If you run mvn tomcat7:deploy then maven is searching for a running tomcat server as configured within the pom.xml:

<plugin>
    <groupId>org.apache.tomcat.maven</groupId>
    <artifactId>tomcat7-maven-plugin</artifactId>
    <version>2.2</version>
    <configuration>
        <server>TomcatServer</server>
        <username>USERNAME</username>
        <password>PASSWORD</password>
        <url>http://localhost:8080/manager/text</url>
        <path>/training</path>
    </configuration>
</plugin>

As you can see in the url the manager application is called for deployment (manager application is installed per default within a tomcat, but NOT within a tomcat within eclipse because eclipse uses it's own tomcat-webapp-folder (wptwebapp)).

Anyway, if you want to use this kind of deployment outside of eclipse, you have to create a user within the tomcat-users.xml with the roles manager-gui and manager-script.

Upvotes: 1

Andrzej Czerwoniec
Andrzej Czerwoniec

Reputation: 203

It was my fault.

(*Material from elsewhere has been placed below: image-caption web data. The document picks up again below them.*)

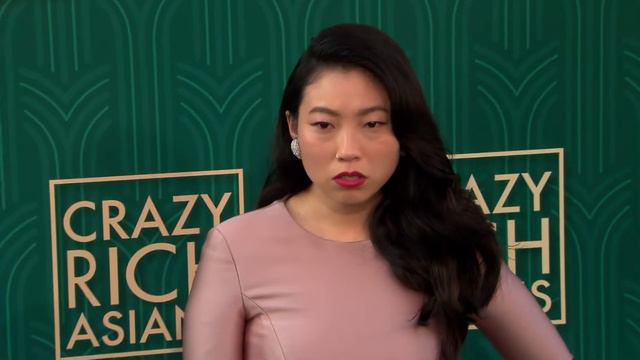 Crazy Rich Asians Premiere - Constance Wu, Henry Golding, Gemma Chan
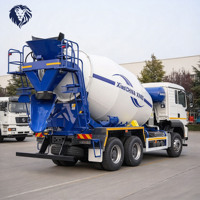 Camion malaxeur à béton HOWO 6x4 10m3 371HP Euro 2, véhicule de chantier lourd, prix usine Chine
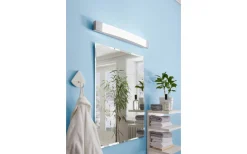 Badrumslampor Vägg-Eglo Siderno Vägglampa 58cm LED 4000K 16W Krom IP44
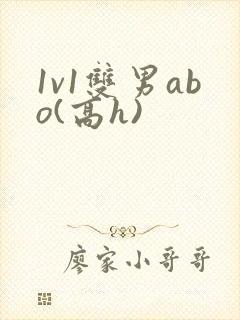 1v1双男abo(高h)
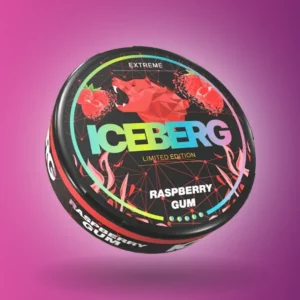Iceberg Raspberry Gum 50mg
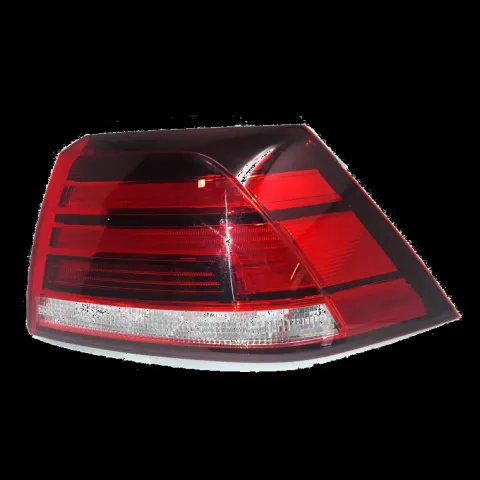 Feu arrière extérieur droit VOLKSWAGEN GOLF VII ph. 2 depuis 2016, LED, rouge/blanc, Neuf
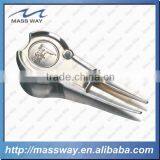 promotional die casting zinc alloy custom 3D metal divot repair tool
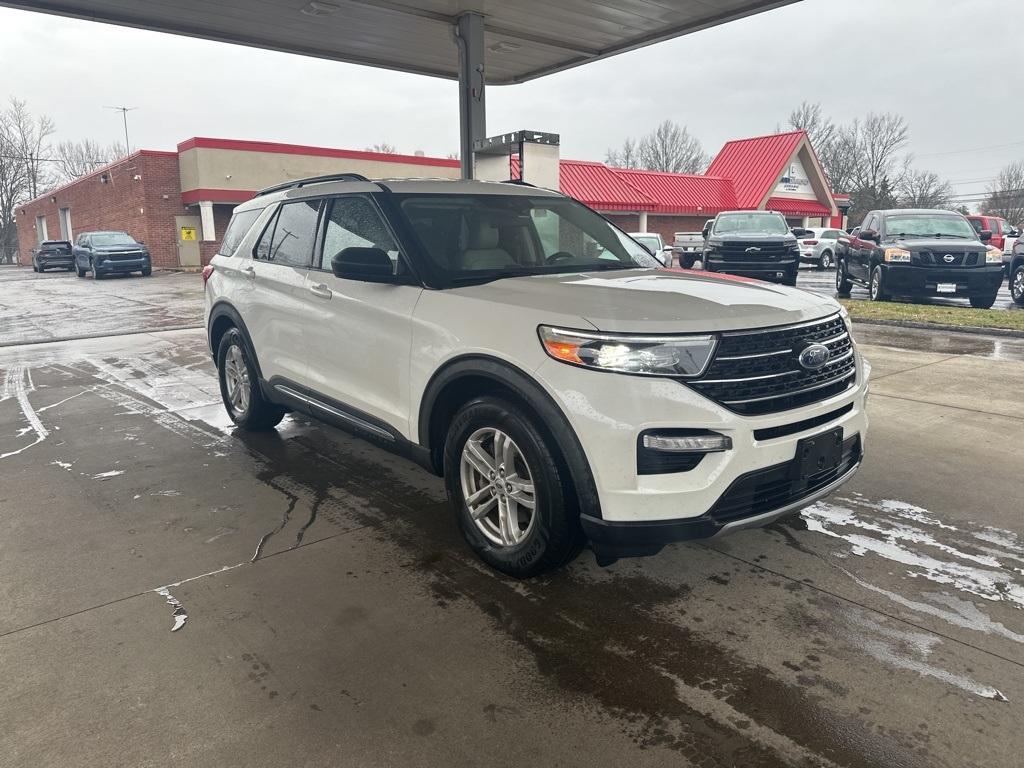 used 2020 Ford Explorer car, priced at $21,587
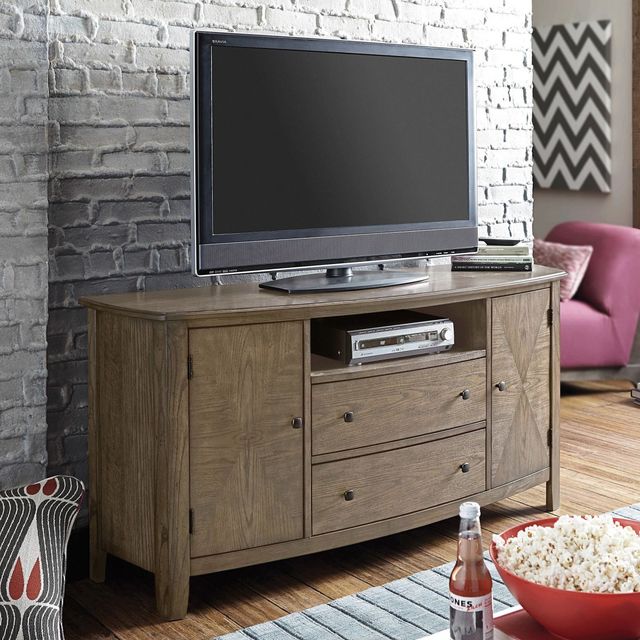 Hammary® Primo III Hazel Entertainment Console-1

I put my source code into src/main/resources and not src/main/java - thats why it wasn't compiled.

I would still like to know why maven doesn't deploy the application to wtpwebapps but the main issue is fixed now, thanks for help !

Upvotes: 1

Schaka
Schaka

Reputation: 772

Tomcat supplies servlet.jar. You need to put it in your pom.xml as <scope>provided</scope>.

That being said, Eclipse/Maven should not deploy servlet as a Java class file. It is a whole library provided by Tomcat which should NOT be compiled to a single class. You absolutely cannot have 2 servlet-api or servlet.jars in your packaged *.war file (the lib folder under webapps).

Also, it would probably help noting which ClassNotFoundException is being thrown. What class is missing? Because that sounds like your JSP version is referencing a class that isn't in the automatically deployed servlet-api jar Tomcat7 offers (3.0).